The house, as you know, is gone. Let’s not even go near lissom or the short shorts. And it wasn’t a jeep, it was a small compact car, but boy did the rugged landscape, the superior driving, and the bad roads part work out just like I’d imagined. We encountered some of the best (NH4) and worst (too many to list) back roads in northern Karnataka. This was my first time truly driving a car for extended periods in India, and I enjoyed it immensely. The area is now very cash-crop-intensive, with sunflowers, corn, tobacco and sugarcane nearing harvest all around us. (This increase in this cashcropping, especially corn in the past decade, warrants a separate post, really.
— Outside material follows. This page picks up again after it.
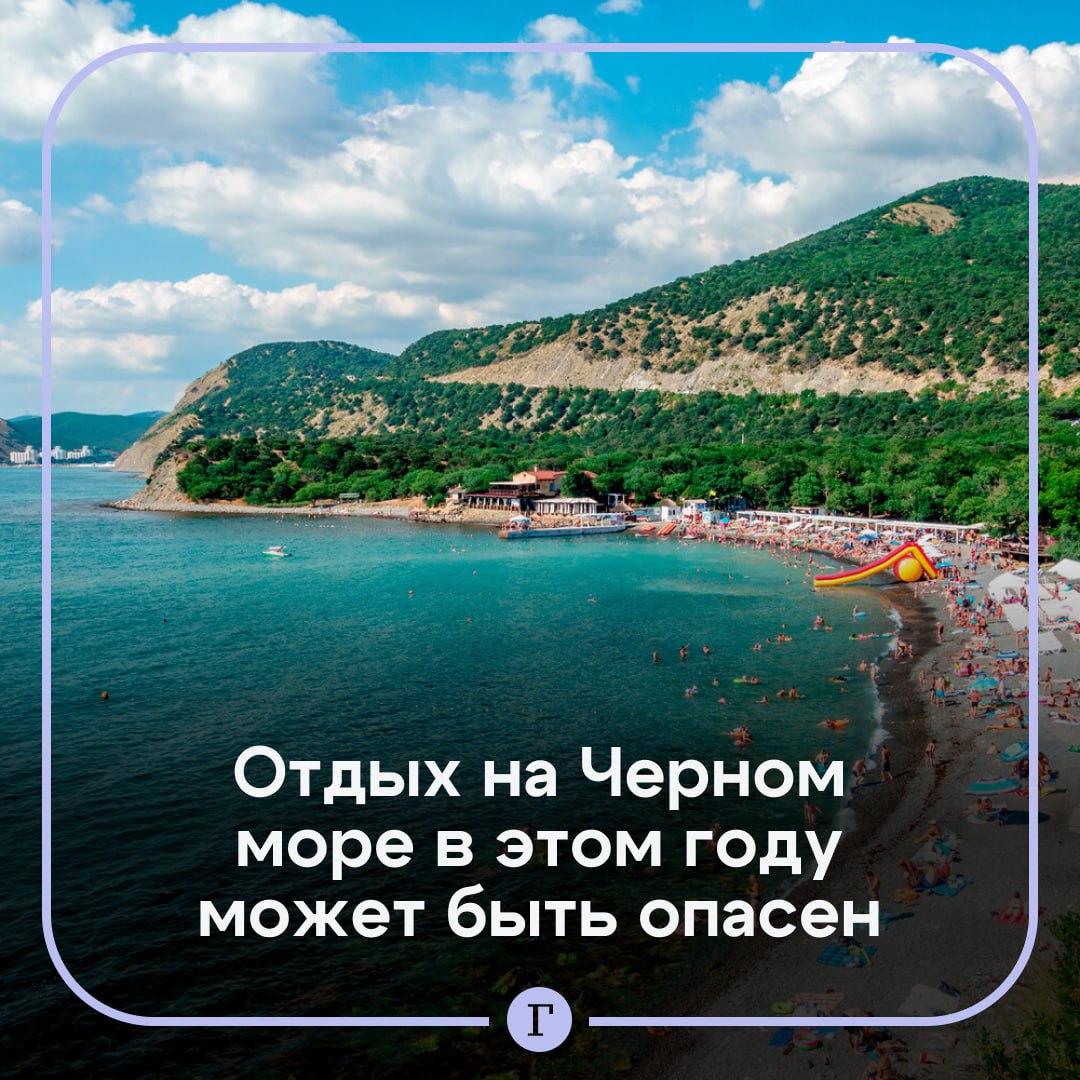 Отдых на Черноморском побережье в этом году может быть опасен.  Спрос на курорты Краснодарского края в предстоящем туристическом сезоне упадет, считает научный руководитель Института водных проблем РАН Виктор Данилов-Данильян.   По его словам, при контакте кожи с мазутом человек может получить химический ожог, аллергические реакции и экземы.    «Но с пляжами какая неприятность, вы можете чего-то не заметить, потому что оно ушло вглубь. Больше того, сейчас там начали копать, и до сих пор прекрасно видны слои загрязнения после аварии 2007 года», — предупредил Данилов-Данильян.     Для очистки пляжей придется вывезти до 500 тысяч тонн песка, что может «радикально изменить» береговые линии и пляжную рекреационную инфраструктуру, подчеркнул эколог.  Подписывайтесь на «Газету.Ru»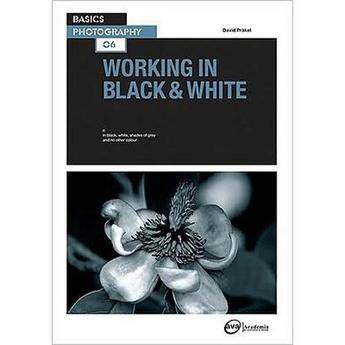 Amphoto Book: Basics Photography: Working in Black & White by David Prakel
Michael Pollan is right – corn is fucking everywhere.)
A Bay area friend was frequently on my mind, as I thought of the history of the region, and about Kannada and Kannadigas. The state (Karnataka) and the language (Kannada) are hardly unique in their diversity of dialects, religious-cultural influences and histories, especially in the subcontinent. But it is still interesting to closely watch how our family, settled outside the state, adjusts to the subtle differences of word-usage and twang from district to district, and how we modulate our speech accordingly when we visit.
When asking for directions, my father reverts to the rural Bijapur speech he spoke as a kid on the farm. My staunch Kannadiga-patriot brother-in-law insists on speaking “pure” Kannada the minute he crosses the border, his Marathi evaporating fast. Oh this red soil! he murmurs, his eyes misting over. He points out our “mistakes” and tells us how to speak the “correct” Kannada of southern Bangalore and Mysore. We roll our eyes, because we can still tell the northern Hubli strains in his accent. His sons mimic him in the hopes of getting the goodies they want to pry out of him, both cunningly bilingual in Marathi and Kannada since they learnt to speak. My sister and I freeze initially, and it takes us a while to acquire that delicious sing-song of Bijapur district-speak. We soon surprise ourselves with our fluency. My mother decides it’s not worth the effort – her Marathi is better, she taught the language for years, and her Kannada shows it. The ratio never falters with her.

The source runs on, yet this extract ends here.